Menurutnya, dengan adanya dialog-dialog kebangsaan seperti ini tentunya ke depan dirinya berharap para tokoh-tokoh pemuka, agama tokoh-tokoh pendidikan, dunia Pendidikan, mahasiswa dan masyarakat jadi lebih memahami bahaya itu. Bukan seperti apa yang disampaikan audience saat sesi tanya jawab yang keluar statemen terorisme itu khayalan.

“Karena bayangan mereka tinggi, ‘masak iya kita masyarakat sipil jadi pengebom?’. Padahal sebetulnya konsep daripada terorisme itu bercikal bakal dari sesuatu yang belum tentu yang bentuknya kekerasan. Tetapi teror dalam pemaksaan kehendak, dalam pemaksaan filosofi, dalam pemaksaan idealisme. Itulah perlunya suatu dialog,” ujarnya kepada para wartawan.

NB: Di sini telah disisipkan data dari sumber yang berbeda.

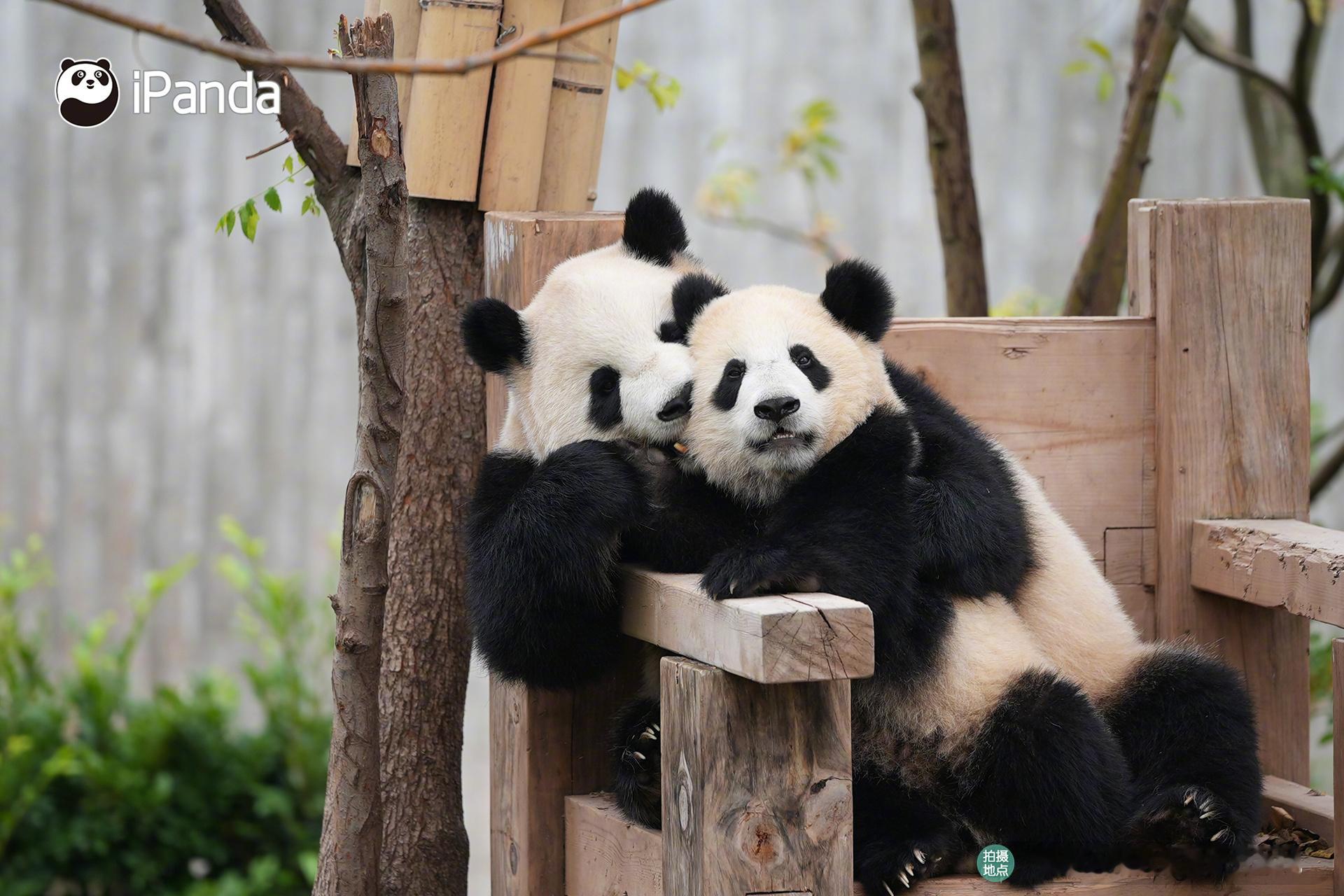 崽，你的小脸好像有点臭臭的（捂鼻远离）[淡淡的] 熊猫趣图 大熊猫娇淼淼[超话]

Karena menurutnya manusia boleh beda pendapat, boleh beda pandangan, tapi ketika berbicara dalam bahasa Indonesia dan bicara kesatuan maka kita harus ada toleransi. “Mari kita sama-sama merasa bisa menjadi satu dalam NKRI dan merupakan tanggung jawab bersama tokoh agama, tokoh pendidik maupun mahasiswa,” katanya mengakhiri.

Pada sesi dialog dalam acara ini juga menghadirkan tiga narasumber yakni Direktur Pencegahan BNPT, Prof. Dr. Irfan Idris, MA., Pengurus Lembaga Kajian dan Pengembangan Sumber Daya Manusia PBNU, Dr. Najih Arromadloni, M.Ag dan mitra deradikalisasi, Sofyan Tsauri.